→ **Exercise directions**:
The whole listing is to be given again without alteration, except that its pictures are dropped.

→ **Given data**:
______________________________
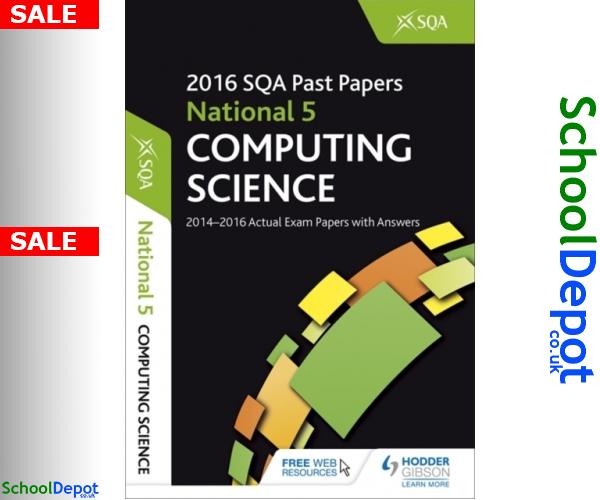 SchoolDepotCoUk's tweet image. #teacher schooldepot.co.uk/B/9781471891052 National 5 Computing Science 201617 SQA Past 9781471891052 #National5Computing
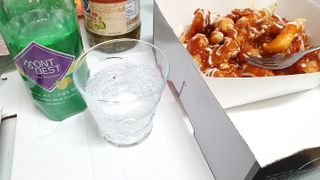 몽베스트 Montbest with Sparkling water Lemon OR Lime 20병(랜덤) — 4.5점을 준 리뷰어가 2021년 10월 올린 사용 사진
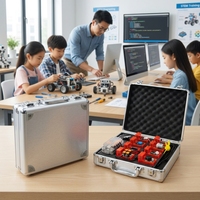 Kit de Inicio de Programación Europea, Robot de IA, Educación STEM para Preescolar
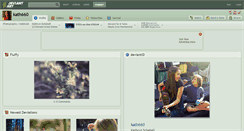 Desktop Screenshot of kath660.deviantart.com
______________________________
→ **Written answer**:
 SchoolDepotCoUk's tweet image. #teacher schooldepot.co.uk/B/9781471891052 National 5 Computing Science 201617 SQA Past 9781471891052 #National5Computing
 몽베스트 Montbest with Sparkling water Lemon OR Lime 20병(랜덤) — 4.5점을 준 리뷰어가 2021년 10월 올린 사용 사진
 Kit de Inicio de Programación Europea, Robot de IA, Educación STEM para Preescolar
 Desktop Screenshot of kath660.deviantart.com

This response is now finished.